President Barack Obama plans to enforce a deadline for rail operators to install safety technology by the end of the year, despite warnings from railroads including Union Pacific Corp. and Amtrak that they can’t meet the mandate and would have to suspend some service without an extension.
“Congress enacted this law, including the December 31, 2015, deadline, and we believe it is important that the Department of Transportation enforce the law that Congress passed,” Frank Benenati, a White House spokesman, said Wednesday, the day after lawmakers released a letter from Amtrak saying it might suspend some passenger service if the delay isn’t enacted.

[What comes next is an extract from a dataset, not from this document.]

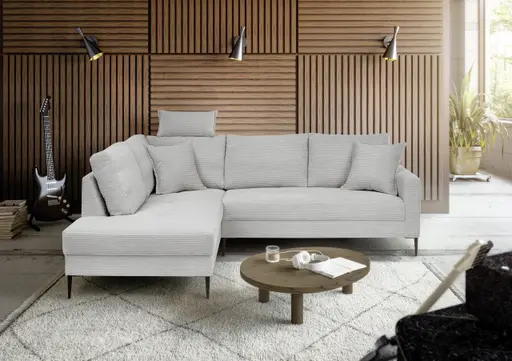 Ecksofa - Ecke links, 3-Sitzer, Stoff, Hellgrau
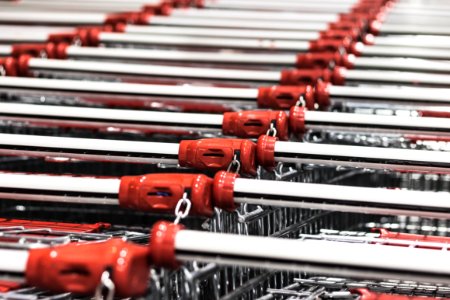 photo of stacked shopping carts photo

House transportation leaders last week introduced legislation to extend the deadline for three years. House and Senate negotiators have been discussing ways to get the measure through both chambers. Benenati declined to comment on whether Obama would sign legislation extending the deadline because nothing has advanced in Congress.
Railroads have had seven years to install positive train control technology, which can slow or stop trains to avoid crashes, on their locomotives and tracks where passengers or hazardous materials move. The National Transportation Safety Board has been urging deployment of such technology for more than 40 years. The U.S. required it in a 2008 law passed by Congress and signed by President George W. Bush after a texting commuter train engineer in Los Angeles drove his train into a freight train, killing 25 people.
Railroads are asking Congress to allow for a three-year delay to install the systems and another two years before they must be fully operational, saying the mandate has been expensive and they’ve faced regulatory delays from agencies including the Federal Communications Commission to get it installed. Senate legislation would require the system to be installed by 2018, though not necessarily fully operational. A House bill introduced last month would also require installation by 2018 and would lay out provisions for two more extensions.
Amtrak this week was the latest railroad to warn Congress it may halt or delay some service if the Dec. 31 deadline stays in place. While Amtrak says it will have the technology up and running on the track between Washington and Boston that it owns, passenger trains in most of the country run on freight rail tracks.
Freight railroads including Union Pacific and BNSF Railway Co., owned by Warren Buffett’s Berkshire Hathaway Inc., have told Congress they won’t be able to meet the deadline.